Sobre as questões sociais, o pensamento do falecido Pontífice se exprimiu de modo bem conhecido em suas linhas gerais. Entretanto, os matizes desse pensamento ­ num assunto no qual, mais do que em muitos outros, "la vérité est dans les nuances" ­ seriam ainda muito mais conhecidos se se tomassem na devida conta tantos ensinamentos de seus famosos discursos à Nobreza e ao Patriciado Romanos, e à Guarda Nobre, sobre o papel da aristocracia e das elites no mundo de hoje, e se se aprofundasse mais o estudo do tópico admirável ­ para não dizer genial ­ sobre massa e povo, de sua alocução de Natal de 1944.

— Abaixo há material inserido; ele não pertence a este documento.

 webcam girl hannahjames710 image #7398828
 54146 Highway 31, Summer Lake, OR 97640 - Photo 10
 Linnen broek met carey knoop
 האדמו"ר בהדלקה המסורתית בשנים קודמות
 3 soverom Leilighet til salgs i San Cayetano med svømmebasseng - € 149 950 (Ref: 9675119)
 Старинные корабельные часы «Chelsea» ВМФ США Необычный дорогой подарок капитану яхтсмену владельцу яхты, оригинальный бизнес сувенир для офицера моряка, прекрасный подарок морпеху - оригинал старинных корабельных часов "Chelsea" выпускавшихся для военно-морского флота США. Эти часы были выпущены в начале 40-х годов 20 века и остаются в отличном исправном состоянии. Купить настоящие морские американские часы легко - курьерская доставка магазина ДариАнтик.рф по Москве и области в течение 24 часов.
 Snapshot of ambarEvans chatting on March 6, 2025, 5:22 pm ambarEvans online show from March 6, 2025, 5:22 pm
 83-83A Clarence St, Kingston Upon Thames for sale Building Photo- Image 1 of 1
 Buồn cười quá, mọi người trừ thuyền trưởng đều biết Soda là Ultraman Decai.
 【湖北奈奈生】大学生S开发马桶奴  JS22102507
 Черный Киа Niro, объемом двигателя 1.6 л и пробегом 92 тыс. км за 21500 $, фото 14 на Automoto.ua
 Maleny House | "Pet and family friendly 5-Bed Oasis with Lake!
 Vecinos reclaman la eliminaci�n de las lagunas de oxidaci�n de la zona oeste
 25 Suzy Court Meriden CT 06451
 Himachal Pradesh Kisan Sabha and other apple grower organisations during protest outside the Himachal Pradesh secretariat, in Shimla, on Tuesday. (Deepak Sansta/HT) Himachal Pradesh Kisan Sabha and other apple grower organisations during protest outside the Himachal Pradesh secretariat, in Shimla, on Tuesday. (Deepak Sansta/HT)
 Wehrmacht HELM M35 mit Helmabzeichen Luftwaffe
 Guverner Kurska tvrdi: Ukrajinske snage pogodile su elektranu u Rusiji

Passemos por alto, em matéria social, o episódio tão doloroso dos "Padres-operários", em que algumas medidas sábias e de uma temperada energia do Vigário de Cristo foram mal compreendidas e o fizeram sofrer tanto. E assinalemos um outro ponto, com o qual daremos por findas estas notas. É a tomada de posição inteligente, original, subtil, do Santo Padre Pio XII em relação a um aspecto concreto da materialização progressiva das atividades humanas: a mecanização da existência e a preponderância perigosa das ciências naturais e da técnica no teor de vida, e mais ainda na estrutura mental do homem moderno. A última alocução de Natal do falecido Pontífice, a este respeito, deve ser qualificada como um verdadeiro acontecimento na história da cultura católica.

É-nos grato, no momento em que, em espírito, nos curvamos reverentes ante os despojos mortais de Pio XII, rememorar tudo isto, e também os demais fatos que não tivemos tempo de mencionar.

Mas a expressão de nosso reconhecimento não seria completa se, neste instante de tanto significado afetivo para nós, deixássemos de citar uma dádiva incomparável que Pio XII nos fez, a nós campistas, dando-nos por Bispo Diocesano este admirável Pastor que é D. Antonio de Castro Mayer.

Assim, é com o coração a transbordar de emoção, que imploramos à Virgem Santíssima que recompense de tantos benefícios aquela alma pela qual o universo inteiro reza enternecido.